Polls and surveys repeatedly showed that a majority of Americans across all lines agreed with the GOP hardliners, that immigration reform smacked of a giant reward to those who broke the law and were in the country illegally.

That feeling was so intense that many Democrats ran from immigration reform like the plague. The one Democrat, though, who Latino activists and immigration reform advocates expected action from was Obama. For much of his first term, the word from the White House on immigration was no word. It cost Obama. His popularity among Latinos dipped for a time. That was due almost exclusively to the sense that the president had done next to nothing on immigration reform, yet he still desperately needed Latino votes to tip the White House back to him in 2012.
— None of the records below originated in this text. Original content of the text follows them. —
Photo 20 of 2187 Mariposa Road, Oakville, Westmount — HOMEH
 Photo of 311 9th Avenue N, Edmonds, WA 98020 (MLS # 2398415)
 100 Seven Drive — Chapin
But Obama did not totally ignore the issue, even though his popularity numbers slightly fell among Latinos. He blasted the GOP for torpedoing comprehensive immigration reform legislation in Congress on the two occasions when it appeared that an immigration bill might be reintroduced.

Obama was not to blame for those setbacks. The crushing problems and bruising fights over deficit reduction, spending and health care reform, coupled with high soaring gas prices and the job crisis, were endless and time-consuming. The fights required every bit of his political capital and arm-twisting to make any headway against an obstructionist, intransigent and petty GOP determined to make him pay a steep political price for every inch of legislative ground he sought to gain.

The 2012 election changed only one thing with the GOP. That was its in-your-face, xenophobic rants against illegals supposedly stealing jobs from Americans and breaking the law. GOP leaders had no choice but to tamp down their immigration rhetoric for the simple fact that Latino voters punished the party mightily in 2012 for that rhetoric, and sent an even stronger signal that it would continue to punish the GOP if it didn’t change at least its tone on immigration.

The 2012 election changed one other thing. It gave Obama the long-awaited opening he needed to go full throttle on immigration reform.

The election result was not the only strong point for Obama on reform. In 2007, then-President George W. Bush was widely and unfairly blamed for making a mess of the immigration reform fight in Congress by not pushing hard enough for passage of the bill. Immigrant rights groups lambasted Republican senators for piling crippling demands for tight amnesty, citizenship and border security provisions in the bill. Leading Republican presidential contenders didn’t help matters by flatly opposing the bill as much too soft on amnesty and border enforcement.

This did much to kill whatever flickering hope there was for the bill’s passage, and undid the inroads that Bush made in the 2000 and 2004 presidential elections, when he scored big with Latino voters — due largely in part to the perception (and reality) that Bush would push hard for immigration reform. But the GOP learned nothing from this. It was almost as if Bush’s Latino vote ramp-up was an aberration.

The GOP’s metallic ear on immigration culminated in the idiotic quip from GOP presidential loser Mitt Romney that the best way to solve the immigration crisis was for undocumented workers to “self-deport.”

Obama’s battle for the Latino vote in 2012 was never intended to head off any mass defection of Latino voters to the GOP. There was never any chance of that. The polls that showed Latinos less than enthusiastic about Obama also showed absolutely no enthusiasm for any GOP would-be presidential candidate.

Still, Obama’s frontal challenge to the GOP to do something about immigration reform is not only a long overdue move to right a long simmering policy wrong, but a move that could help to shove the issue of what to do about the nation’s millions who are here without papers off the nation’s political table.

There’s absolutely no risk, only gain, for Obama in taking the point on immigration reform to try and make that happen.

Earl Ofari Hutchinson is an author and political analyst.